Nous pouvons d’ailleurs poursuivre cette vérification de notre loi, en rappelant ce qui se passe dans les maladies du langage, et ici nous pénétrons dans le mécanisme intime de l’esprit. Je ne reviendrai pas sur un sujet que j’ai longuement traité[1]. J’ai essayé de montrer que beaucoup de cas d’aphasie résultent d’une amnésie motrice, c’est-à-dire d’un oubli des éléments moteurs, de ces mouvements qui constituent le langage articulé.

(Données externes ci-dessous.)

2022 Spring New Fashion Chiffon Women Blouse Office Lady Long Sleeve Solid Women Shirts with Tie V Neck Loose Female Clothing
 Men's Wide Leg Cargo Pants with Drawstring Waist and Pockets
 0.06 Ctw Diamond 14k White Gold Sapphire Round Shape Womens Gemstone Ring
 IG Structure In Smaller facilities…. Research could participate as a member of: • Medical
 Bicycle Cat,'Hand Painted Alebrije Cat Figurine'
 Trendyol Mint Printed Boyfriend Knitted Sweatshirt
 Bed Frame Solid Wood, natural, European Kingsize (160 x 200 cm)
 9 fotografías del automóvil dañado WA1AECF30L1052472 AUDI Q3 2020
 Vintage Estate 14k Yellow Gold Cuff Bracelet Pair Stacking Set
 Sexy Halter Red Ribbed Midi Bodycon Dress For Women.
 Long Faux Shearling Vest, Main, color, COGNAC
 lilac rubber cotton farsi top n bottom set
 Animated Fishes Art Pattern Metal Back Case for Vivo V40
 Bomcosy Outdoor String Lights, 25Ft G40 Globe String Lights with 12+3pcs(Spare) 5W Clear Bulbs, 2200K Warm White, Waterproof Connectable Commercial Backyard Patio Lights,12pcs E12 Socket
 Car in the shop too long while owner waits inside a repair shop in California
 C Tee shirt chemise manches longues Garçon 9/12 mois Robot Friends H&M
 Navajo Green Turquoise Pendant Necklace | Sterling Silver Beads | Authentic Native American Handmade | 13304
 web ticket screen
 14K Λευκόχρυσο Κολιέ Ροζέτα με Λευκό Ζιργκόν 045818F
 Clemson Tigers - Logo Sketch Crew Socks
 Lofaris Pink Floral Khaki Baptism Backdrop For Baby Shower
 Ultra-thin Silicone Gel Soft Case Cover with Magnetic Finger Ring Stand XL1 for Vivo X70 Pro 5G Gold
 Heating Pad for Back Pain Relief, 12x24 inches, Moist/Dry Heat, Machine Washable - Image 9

Je rappellerai que Trousseau avait déjà remarqué que « l’aphasie est toujours réductible à une perte de la mémoire soit des signes vocaux, soit des moyens par lesquels les mots sont articulés : que W. Ogle distingue aussi deux mémoires verbales : une première, reconnue de tout le monde, grâce à laquelle nous avons conscience du mot, et en outre une seconde, grâce à laquelle nous l’exprimons. » Cet oubli des mouvements, bien qu’il soit avant tout une maladie de la mémoire, nous révèle aussi un affaiblissement du pouvoir moteur, un désordre de la coordination volontaire. Le malade veut s’exprimer ; sa volition n’aboutit pas ou se traduit incomplètement, c’est-à-dire que la somme des tendances coordonnées qui, au moment actuel, constituent l’individu en tant qu’il veut s’exprimer, est partiellement entravée dans son passage à l’acte ; et l’expérience nous apprend que cette impuissance d’expression atteint d’abord les mots, c’est-à-dire le langage rationnel ; ensuite les phrases exclamatives, les interjections, ce que Max Müller désigne sous le nom de langage émotionnel ; enfin, dans des cas très rares, les gestes. La dissolution va donc encore ici du plus complexe au moins complexe et au simple, du volontaire au demi-volontaire et à l’automatique, qui est presque toujours respecté.

Il est permis d’entrer encore plus avant dans la vie purement psychi-

  1. Voir Revue philosophique, novembre 1880, pp. 493-505.